We chose 3% WbLS (3% liquid scintillator, 97% water) as the baseline target material to simulate. The inputs to the optical model used in the simulation are primarily based on data and bench-top measurements. The light yield (502 scintillation photons/MeV), the scintillation emission spectrum and time profile with the risetime of \({0.265}\,{\hbox {ns}}\) were interpolated from the 1%, 5%, 10% WbLS measurements from [48] and [49]. Preliminary results show that absorption lengths are long and scattering is the dominant mode of light loss. Due to no published measurements available for the absorption length in this material, the model as described in [50] was used in the simulation. The implemented scattering length (\(\simeq {40}\,{\hbox {m}}\) at \({430}\,{\hbox {nm}}\)) and refractive index (1.35 above \({400}\,{\hbox {nm}}\)) were measured as the function of the wavelength at BNL  [51].

3.2 Signal simulation

A dedicated generator inside the RAT-PAC software uses the positron energy spectrum as input to generate IBD pairs.

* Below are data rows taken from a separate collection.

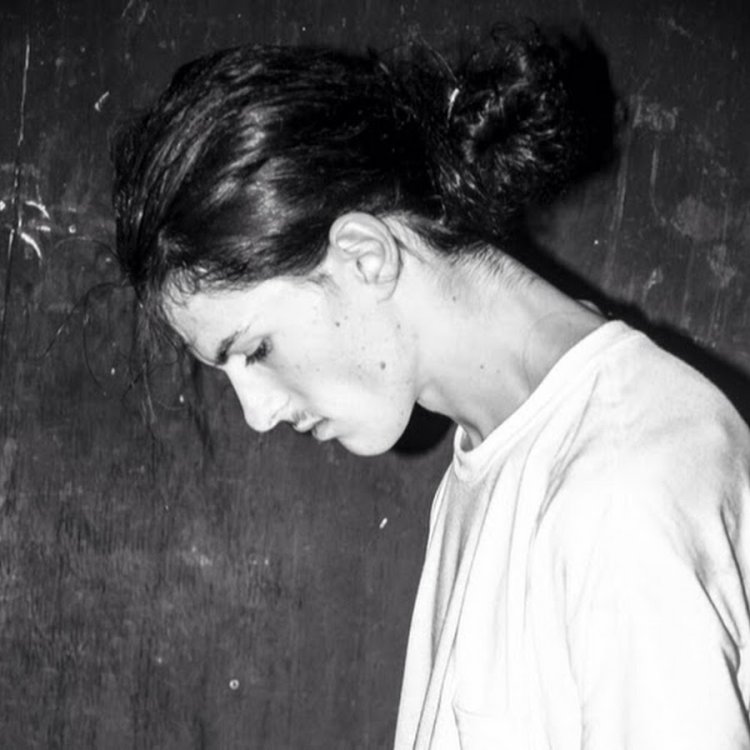 Bones with a short haircut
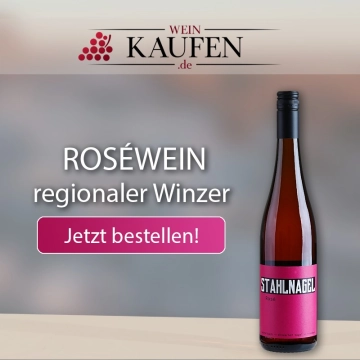 Weinangebote in Königsbrück - Roséwein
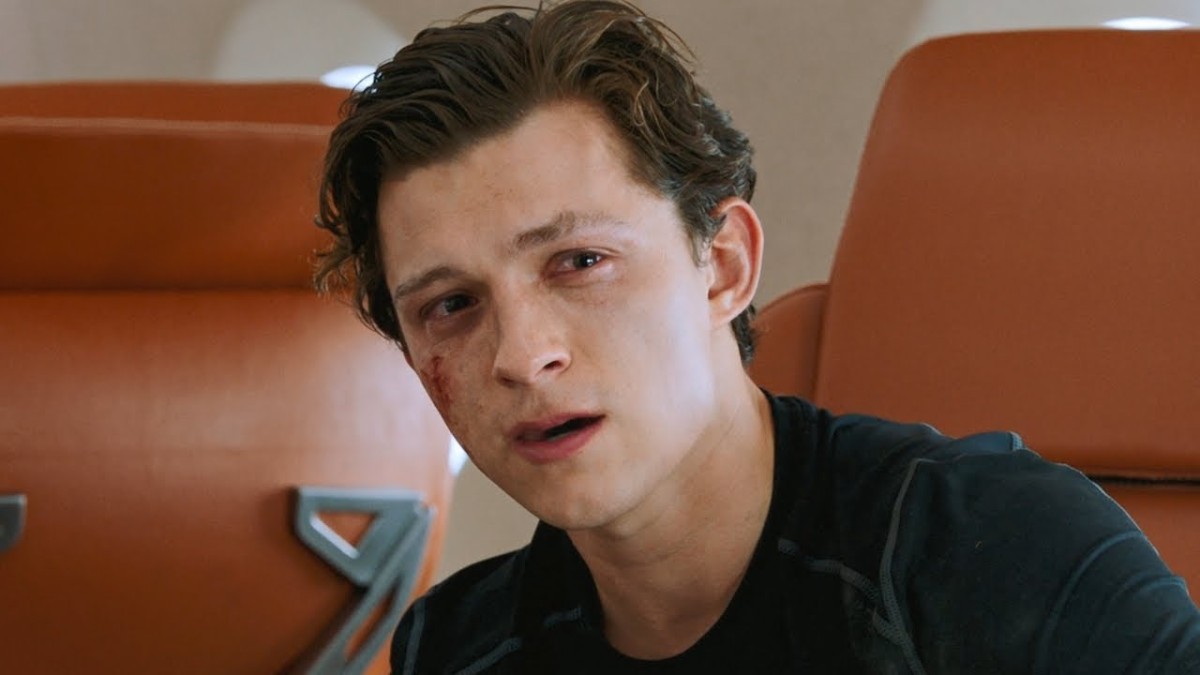 Tom Holland Cried to Let Spider-Man Stay in Marvel - Masala.com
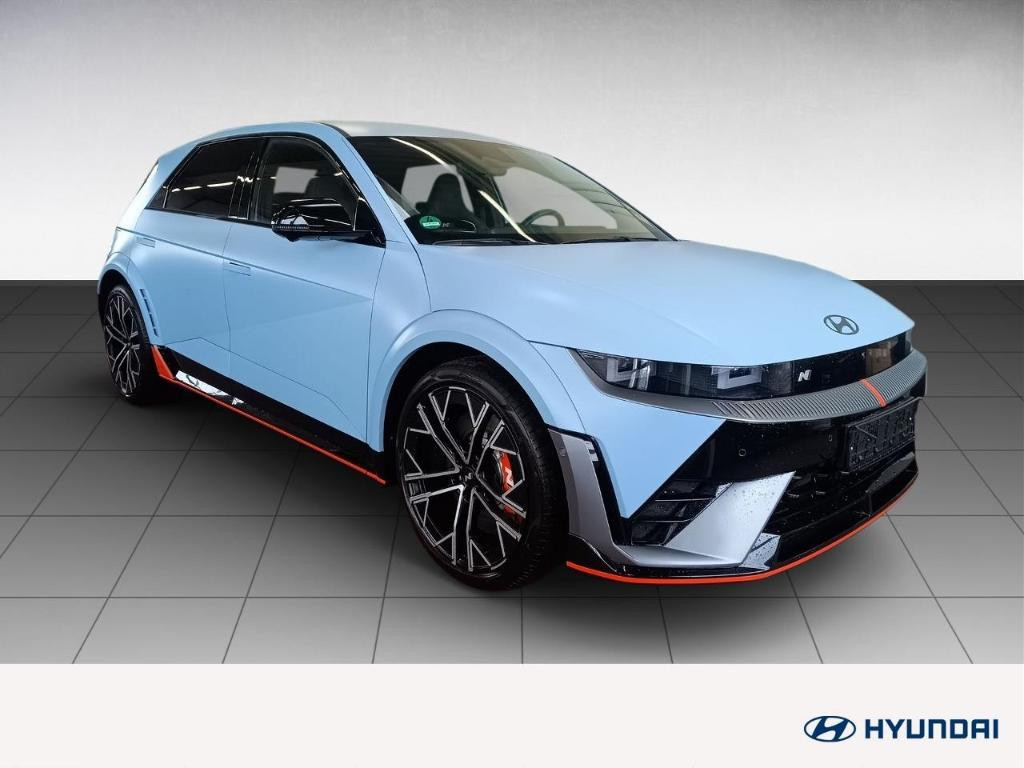 Hyundai Ioniq 5
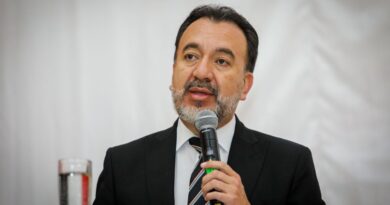 Alcalde de Quito participará en Foro Económico Internacional
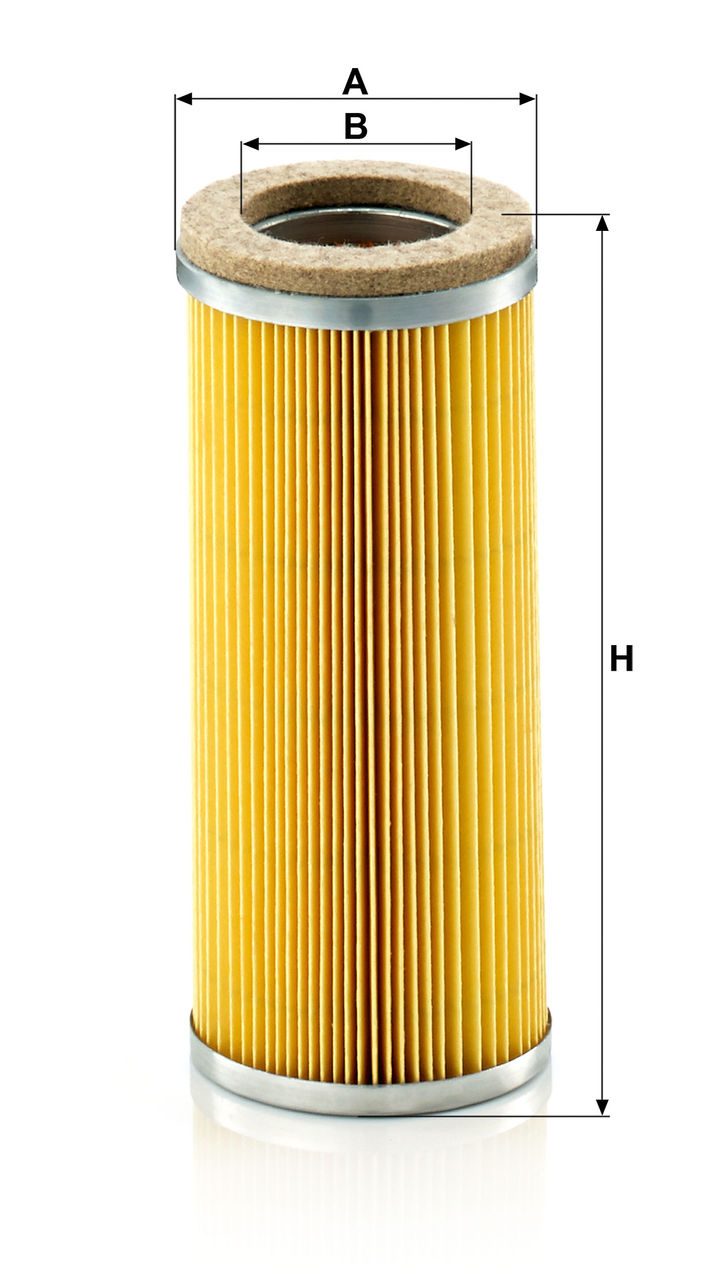Mann Air Filter C 825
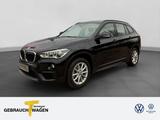 BMW X1 18 i ADVANTAGE LED NAVI SITZHZG - BMW X1 in Gelsenkirchen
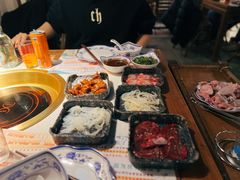 -哥老官重庆美蛙鱼头(日月光店)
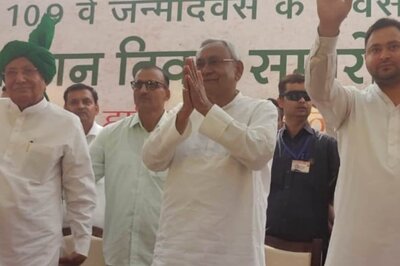 Nitish Hails Bihar Budget; Ally CPI(ML) Liberation, Oppn BJP Disappointed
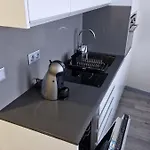 Moderno No Centro Do - Tabaibo By Tropical Solutions Апартаменты *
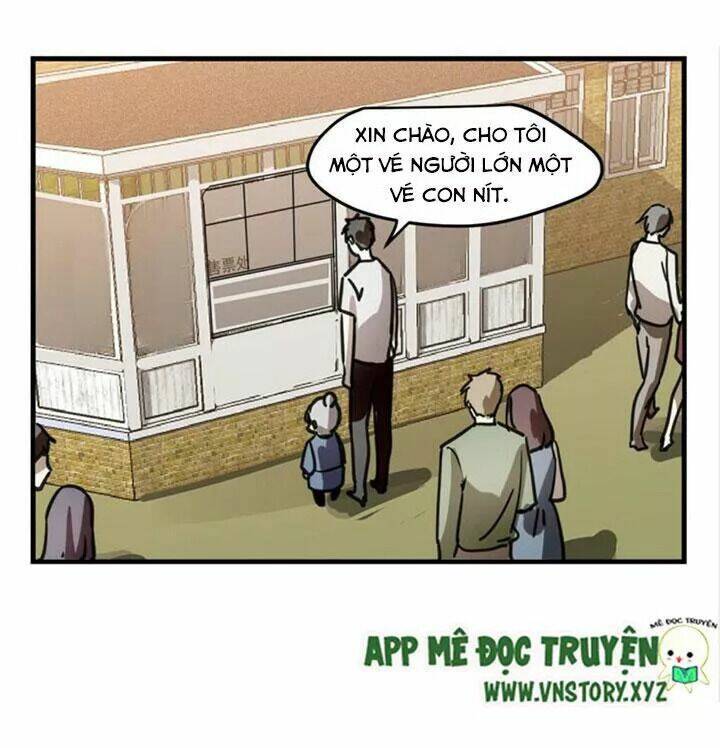 Đạo trưởng đại nhân đến nhà - Chapter 50.5 - Page 8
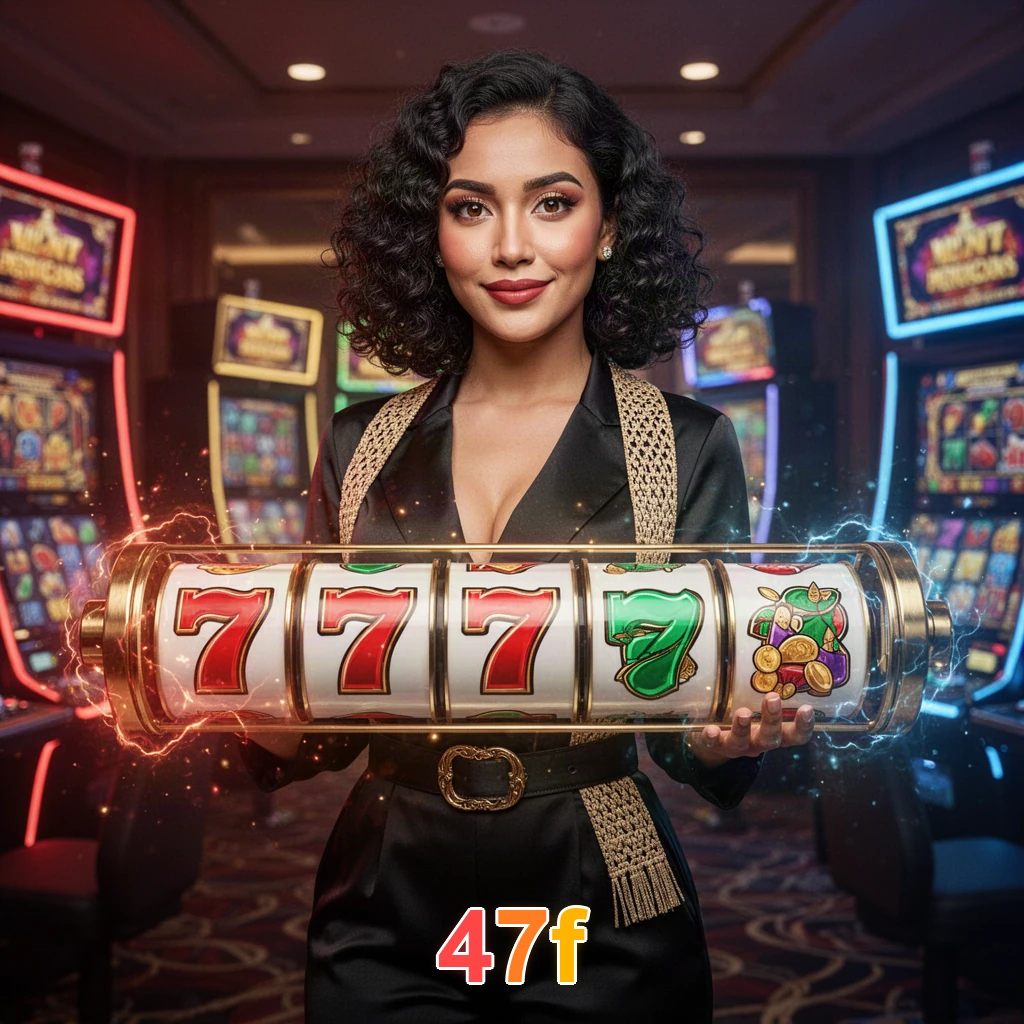 Promosi 47f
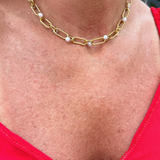 Jennifer Necklace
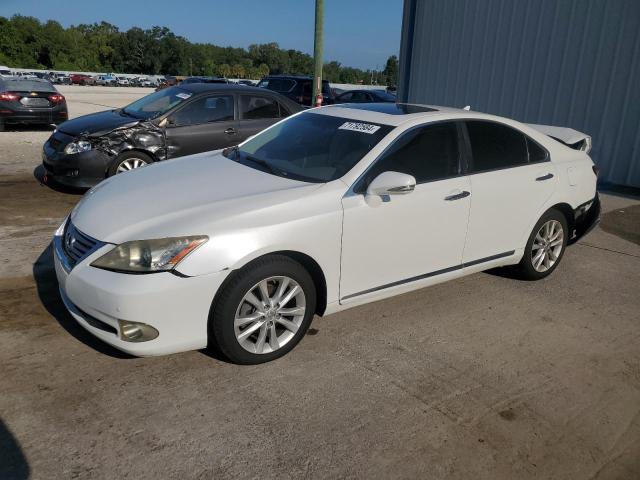 lexus es 350 2011 jthbk1egxb2448279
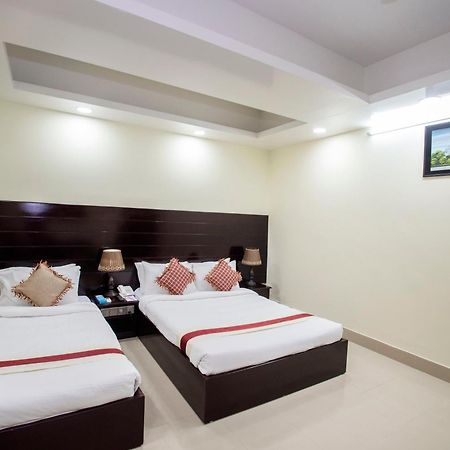 Hotel Ali Plaza Силет Екстериор снимка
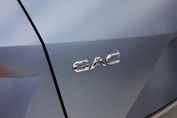 Gac Emzoom Luxury 1.5T DCT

The positron spectrum is calculated from the expected antineutrino flux at SURF, available through the geoneutrino.org web app  [52], uses decay spectra from [53] and parameterized IBD cross section from [54]. Figure 2 shows the antineutrino energy spectra used, with the (Th/U) ratio fixed to 4.33 for the crust and 3.9 for the mantle, while Table 4 summarizes the numerical values of the geoneutrino signal, with the breakdown between U and Th, as well as mantle and crust.

Fig. 2
figure 2

The expected rate of antineutrino interactions at SURF, as the function of antineutrino energies. 1 NIU (Neutrino Interaction Unit) = 1 IBD interaction/\(10^{32}\) targets/year. Source: geoneutrinos.org [52]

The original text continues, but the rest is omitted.